Uncommonly Vital Innovation Commons

My brilliant colleagues, Jason Potts (RMIT University), Dietmar Harhoff (Max Planck Institute for Innovation and Competition, Ludwig-Maximilians-Universität München, and the Centre for Economic Policy Research ("CEPR"), and Eric von Hippel (Massachusetts Institute of Technology ("MIT") - Sloan School of Management), and I have written an article entitled "Social welfare gains from innovation commons: Theory, evidence, and policy implications" on what we refer to as the "innovation commons".  An early draft of our article is available for free download here.  Here is its abstract:

Innovation commons – which we define as repositories of freely-accessible, “open source” innovation-related information and data - are a very significant resource for innovating and innovation-adopting firms and individuals: Availability of free data and information reduces the innovation-specific private or open investment required to make the next innovative advance. Despite the clear social welfare value of innovation commons under many conditions, academic innovation research and innovation policymaking have to date focused almost entirely on enhancing private incentives to innovate by enabling innovators to keep some types of innovation-related information at least temporarily apart from the commons, via intellectual property rights.

In this paper, our focus is squarely on innovation commons theory, evidence, and policy implications.
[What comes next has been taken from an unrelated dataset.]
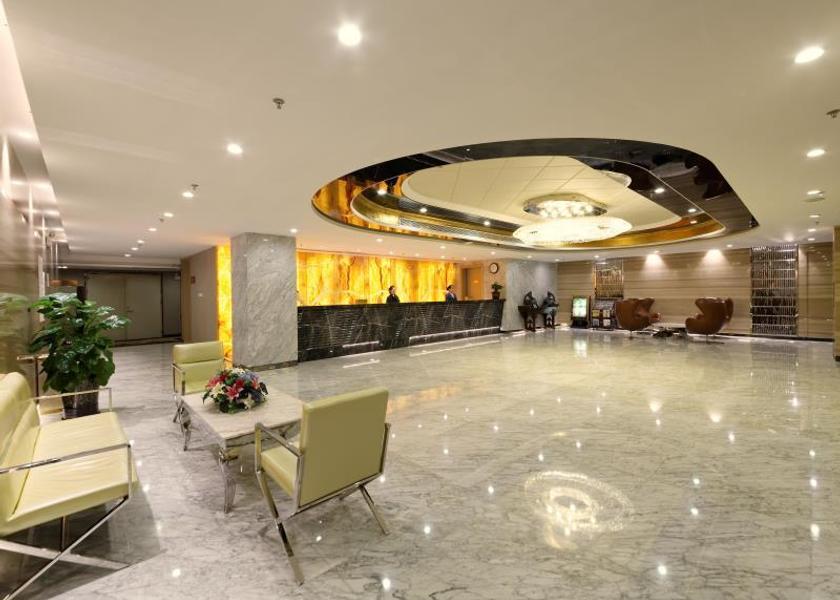 Guangdong Zhongshan Lobby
We first discuss the varying nature of and contents of innovation commons extant today. We summarize what is known about their functioning, their scale, the value they provide to innovators and to general social welfare, and the mechanisms by which this is accomplished. Perhaps somewhat counterintuitively, and with the important exception of major digital platform firms, we find that many who develop innovation-related information at private cost have private economic incentives to contribute their information to innovation commons for free access by free riders. We conclude with a discussion of the value of more general support for innovation commons, and how this could be provided by increased private and public investment in innovation commons “engineering”, and by specific forms of innovation policymaking to increase social welfare via enhancement of innovation commons.

Our general argument is that "if and as private incentives to generate valuable innovation-related information can be sustained – which we will argue is often the case – social welfare will be enhanced when innovation-related data and information are transferred from private ownership to an innovation commons."

As Stewart Brand phrased it (and might have been the first to phrase it this way), "information wants to be free".  This principle holds true for information in the form of data.